■ Assigned task ■
The output should match, line for line, the records from the line containing "Beach Condo in" through the line containing "University of Kentucky;", with every picture left out.

■ Exercise input ■
_ _ _

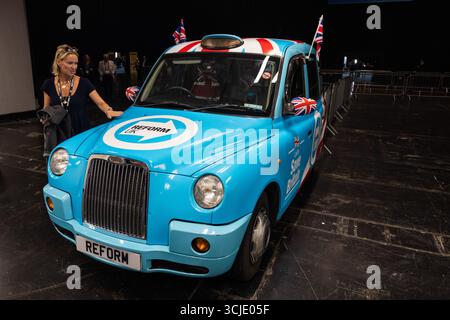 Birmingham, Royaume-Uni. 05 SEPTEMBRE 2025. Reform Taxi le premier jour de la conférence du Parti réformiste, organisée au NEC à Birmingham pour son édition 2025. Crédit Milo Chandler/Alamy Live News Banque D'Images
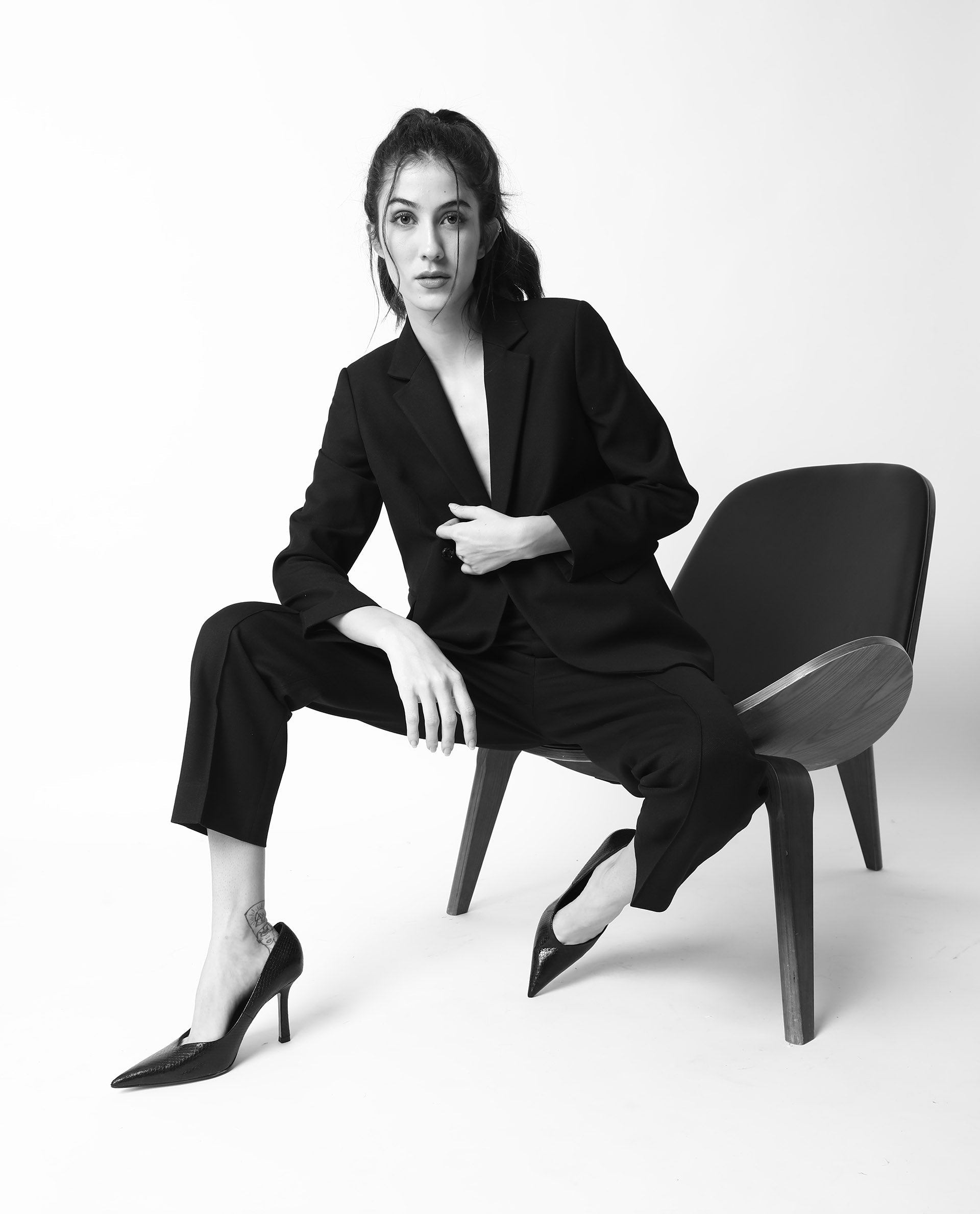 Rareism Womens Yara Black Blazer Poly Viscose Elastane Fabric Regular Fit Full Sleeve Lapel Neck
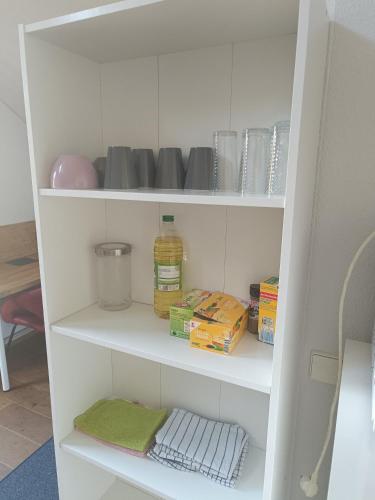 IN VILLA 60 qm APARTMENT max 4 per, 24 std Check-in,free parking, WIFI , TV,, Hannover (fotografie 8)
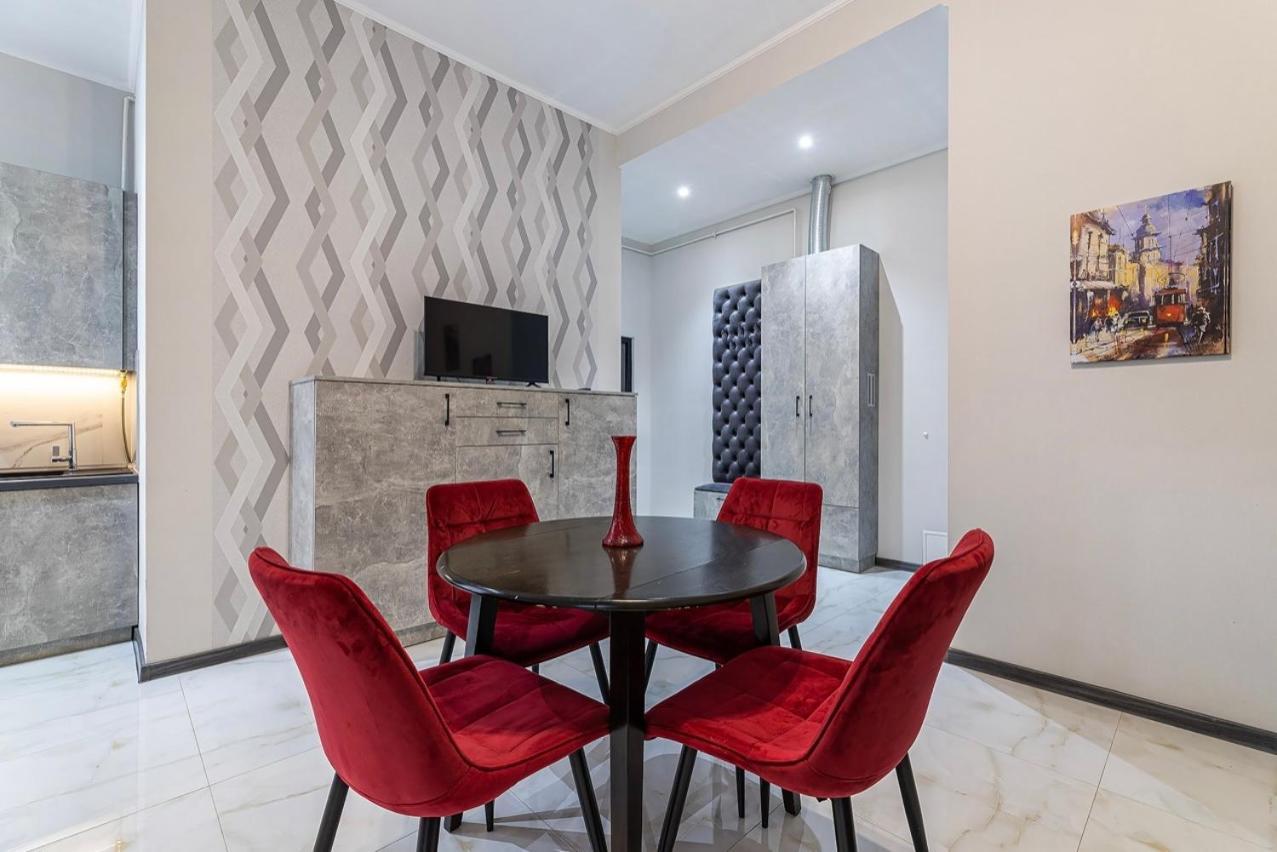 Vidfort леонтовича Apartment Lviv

_ _ _

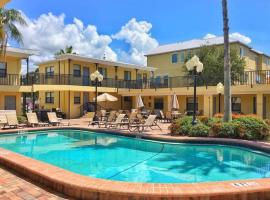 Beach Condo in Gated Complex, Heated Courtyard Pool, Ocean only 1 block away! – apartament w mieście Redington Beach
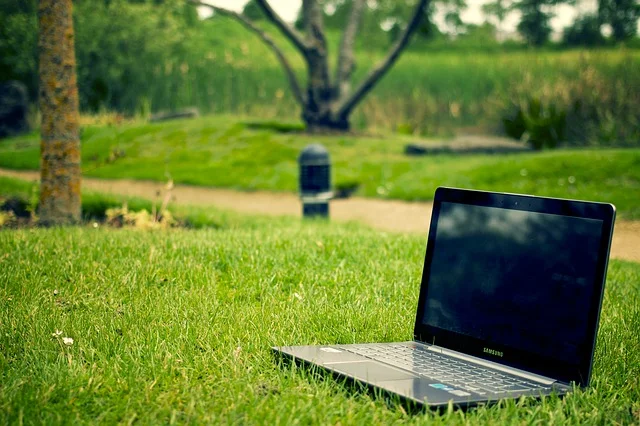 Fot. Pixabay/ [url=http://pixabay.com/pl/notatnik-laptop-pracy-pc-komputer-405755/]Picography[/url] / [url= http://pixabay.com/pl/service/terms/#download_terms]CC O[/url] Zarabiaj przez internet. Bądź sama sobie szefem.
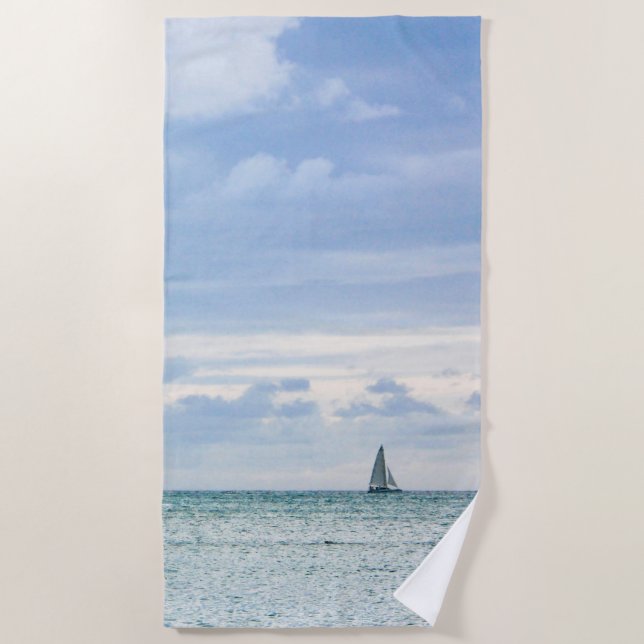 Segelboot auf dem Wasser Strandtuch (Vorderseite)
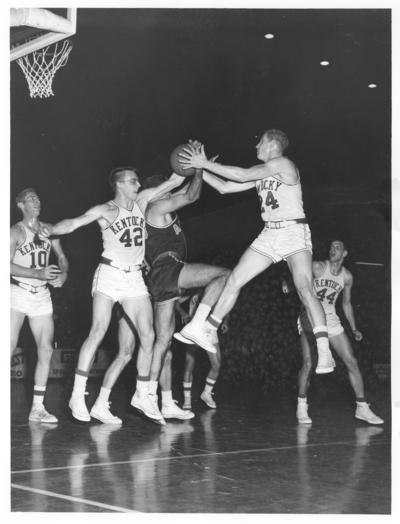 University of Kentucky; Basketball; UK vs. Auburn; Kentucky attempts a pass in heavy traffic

_ _ _

■ Response ■
 Beach Condo in Gated Complex, Heated Courtyard Pool, Ocean only 1 block away! – apartament w mieście Redington Beach
 Fot. Pixabay/ [url=http://pixabay.com/pl/notatnik-laptop-pracy-pc-komputer-405755/]Picography[/url] / [url= http://pixabay.com/pl/service/terms/#download_terms]CC O[/url] Zarabiaj przez internet. Bądź sama sobie szefem.
 Segelboot auf dem Wasser Strandtuch (Vorderseite)
 University of Kentucky; Basketball; UK vs. Auburn; Kentucky attempts a pass in heavy traffic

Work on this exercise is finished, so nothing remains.